INVESTIGADORES
GONZALEZ paula Natalia
congresos y reuniones científicas
Título:
The patterning of genetic variation in the Collaborative Cross and mutant mice
Autor/es:
HALLGRIMSSON B; PAVLICEV M.; MITTEROECKER P.; GONZALEZ P; YOUNG N.; ROLIAN C; JAMNICZKY H; PARDO-MANUEL VILLENA F; MARCUCIO R; SPRITZ R
Lugar:
Calgary
Reunión:
Congreso; 83rdAnnual Meeting of the American Association of Physical Anthropologists; 2014
Resumen:
The genetic basis for variation in the shape of the skull is a key topic of interest in hominid evolution. How genetic variants influence skull shape via developmental processes has important implications for how the hominid skull may have been shaped by natural selection, constraints and drift. We have investigated the developmental and genetic basis for variation in the shape of the skull using a growing database of mouse mutations of diverse origin (N>2000 individuals). In addition, we have also analyzed the parental and F1 generations of mice from the collaborative cross (N=1250). We demonstrate a surprising level of concordance between the structure of the additive genetic variation in the collaborative cross and that seen in the mutant database.

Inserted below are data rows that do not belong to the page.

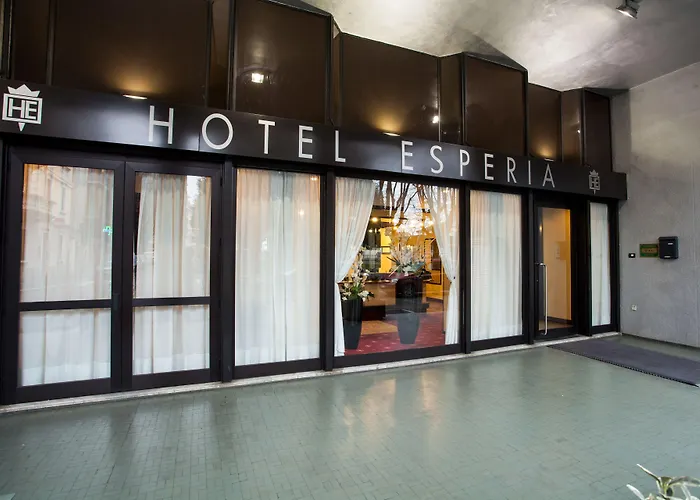 Esperia Hotell Rho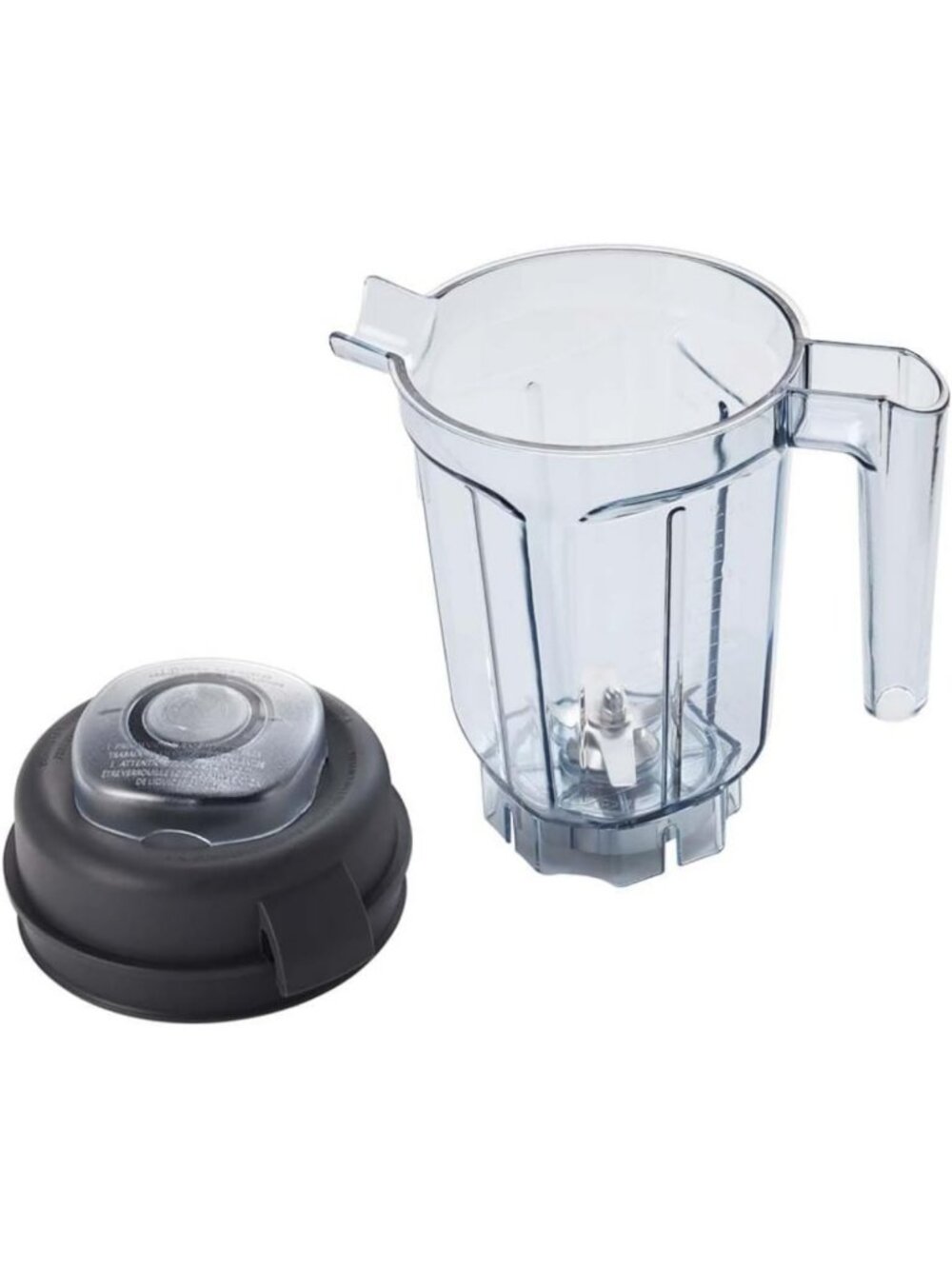 32oz Dry Grains Container for Blenders - Compatible with Classic & Pro Series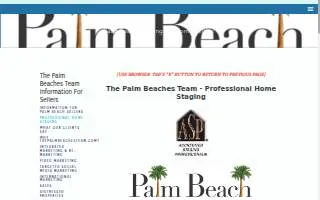 James Kempski / Real Estate Brokerage / Business Marketing / Real Estate Consultant / Mallard Realty Group website
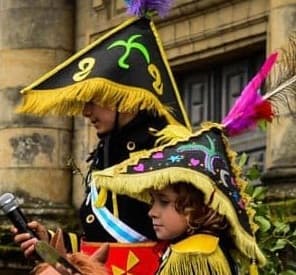 Taller de sombreros tradicionales en Espazo Apego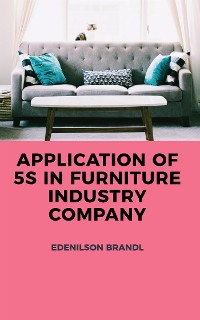 Cover Application of 5S in Furniture Industry Company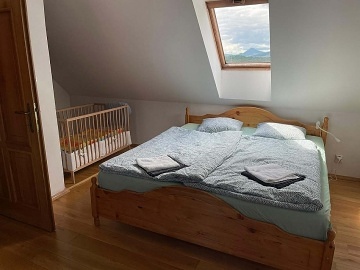 Chalupa sauna a baz�n - �esk� st�edoho��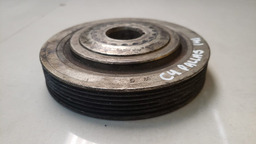 POLIA VIRABREQUIM CITROEN C4 PALLAS 2007-2010 9641741980 (4)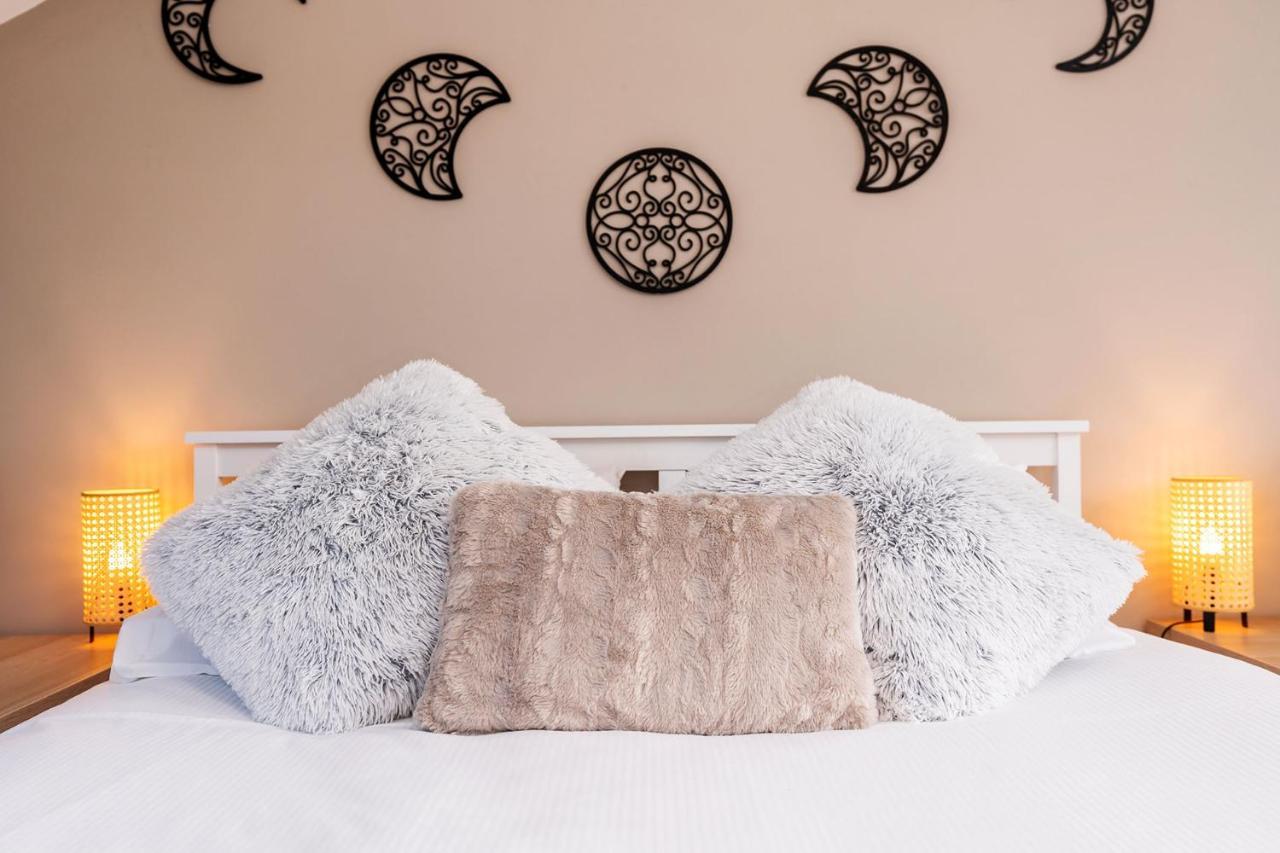 The Cosy Norse Retreat Apartment York Ngoại thất bức ảnh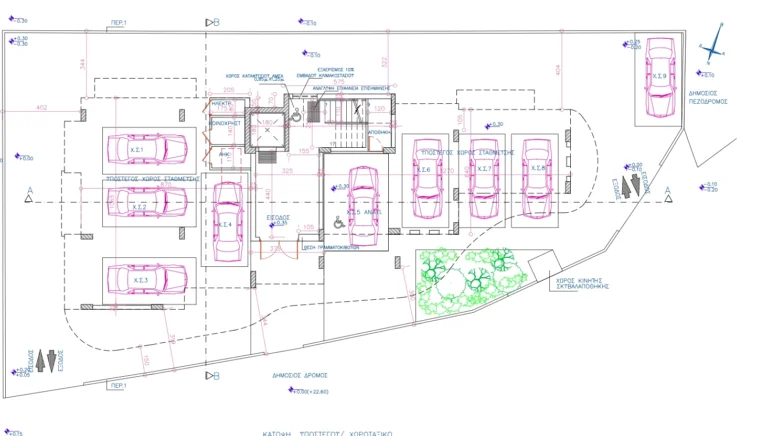 2 Bedroom Apartment for Sale in Larnaca – Sotiros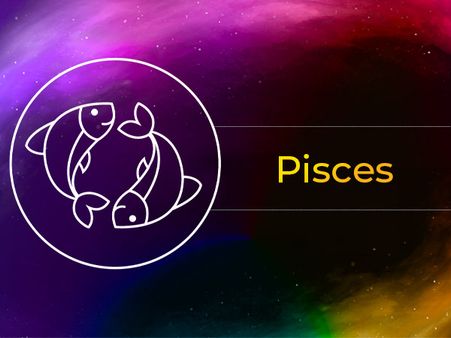 Pisces: 19 February - 20 March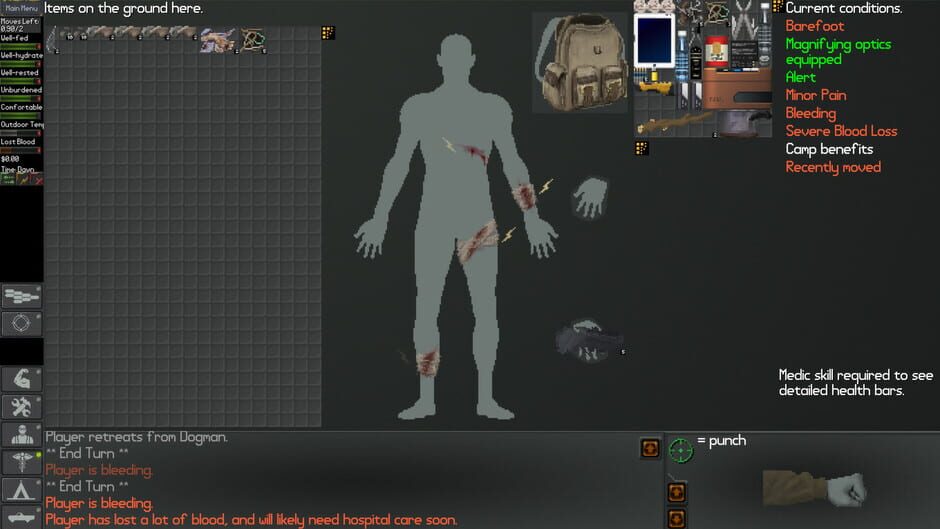 NEO Scavenger screenshot 4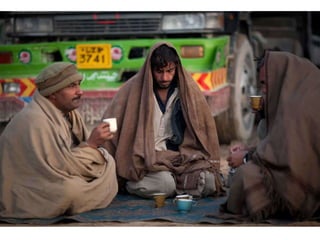 Portraits from Afghanistan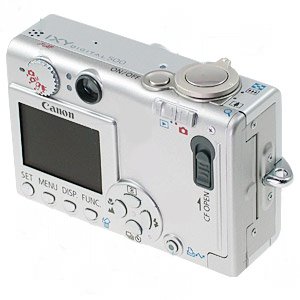 パソコン 組立パーツ､PCパーツ CANON デジタルカメラ(デジカメ) IXY500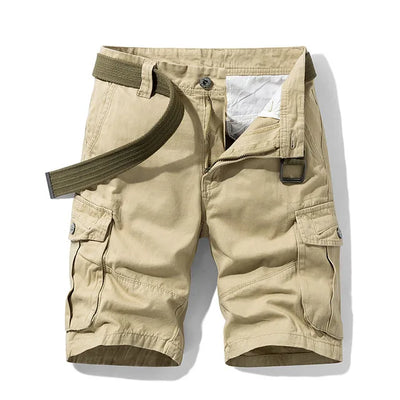 Cotrio | Men's Cargo Shorts, Durable and Functional
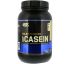 Optimum Nutrition, Gold Standard 100% казеин, банановые сливки, 909 г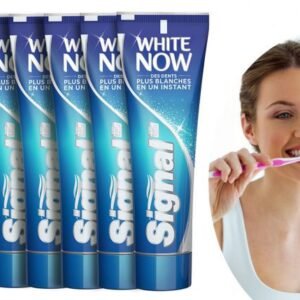 Signal White Now dentifrice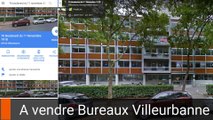 bureaux a vendre  Villeurbanne La Doua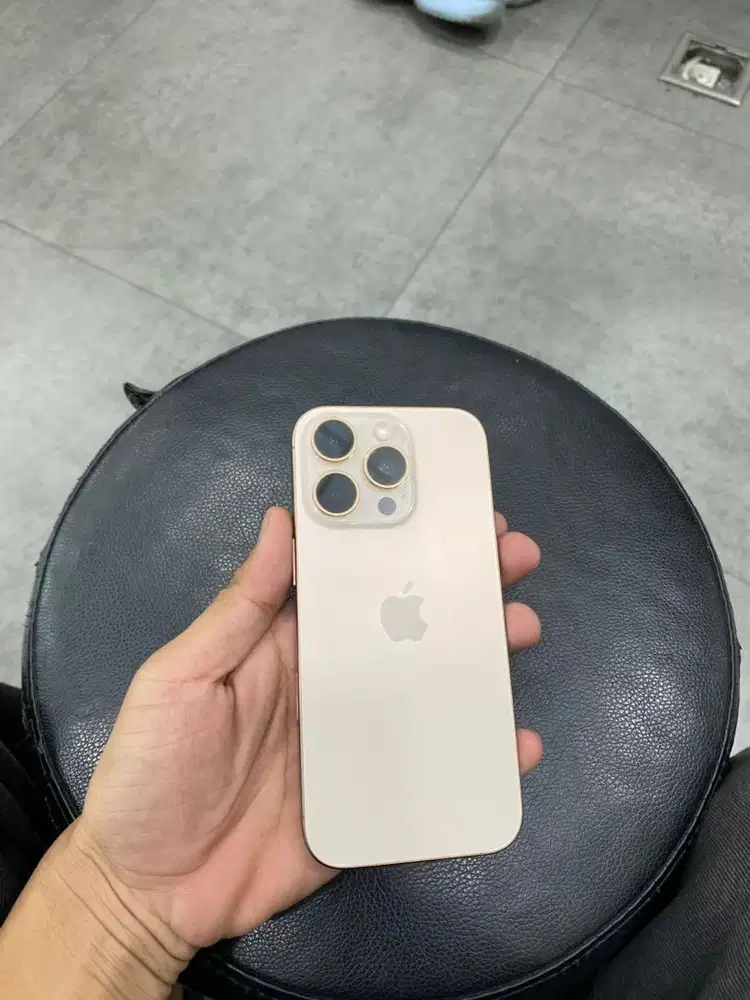 iphone 16pro 256 resmi beacukai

Further, analysis of the non-additive genetic variation in the collaborative cross shows a similar concordance in the structure of variation across F1 crosses between the parental strains. In particular, the directionality of dominance deviations in the F1 crosses deviates significantly from random. The mean direction of deviation is a coordinated morphological pattern that involves facial width, neurocranial size and basicranial length.This result reflects the extent to which developmental processes produce highly integrated variation in the skull. This is surprising in light of the genetic complexity of craniofacial development which may involve, to some degree, up to 5% of the genome. The complexity of epistatic interactions produced by these processes has important implications both for the genetics of craniofacial variation a and for the evolvability of this complex structure.